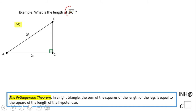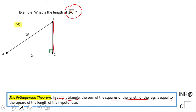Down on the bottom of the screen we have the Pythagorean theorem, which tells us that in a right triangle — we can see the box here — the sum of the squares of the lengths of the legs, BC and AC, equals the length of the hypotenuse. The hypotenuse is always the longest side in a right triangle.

--------

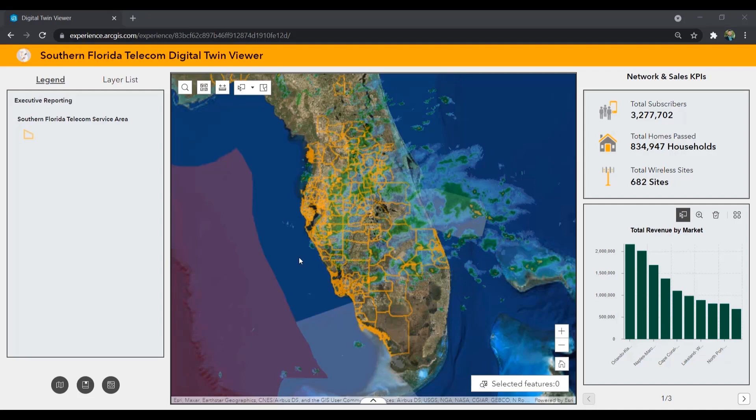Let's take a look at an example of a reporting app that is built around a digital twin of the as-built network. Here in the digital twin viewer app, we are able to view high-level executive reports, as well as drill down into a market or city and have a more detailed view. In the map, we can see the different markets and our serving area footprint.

--------

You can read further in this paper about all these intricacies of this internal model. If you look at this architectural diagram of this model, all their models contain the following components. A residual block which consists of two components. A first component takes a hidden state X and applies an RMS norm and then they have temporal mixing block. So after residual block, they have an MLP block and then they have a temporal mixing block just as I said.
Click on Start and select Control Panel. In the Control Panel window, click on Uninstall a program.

--------

• Aim of the exercise: From the records above, repeat exactly the lines from the one with "You can read" through the one with "Click on Start", both included.

• Output for this exercise:
You can read further in this paper about all these intricacies of this internal model. If you look at this architectural diagram of this model, all their models contain the following components. A residual block which consists of two components. A first component takes a hidden state X and applies an RMS norm and then they have temporal mixing block. So after residual block, they have an MLP block and then they have a temporal mixing block just as I said.
Click on Start and select Control Panel. In the Control Panel window, click on Uninstall a program.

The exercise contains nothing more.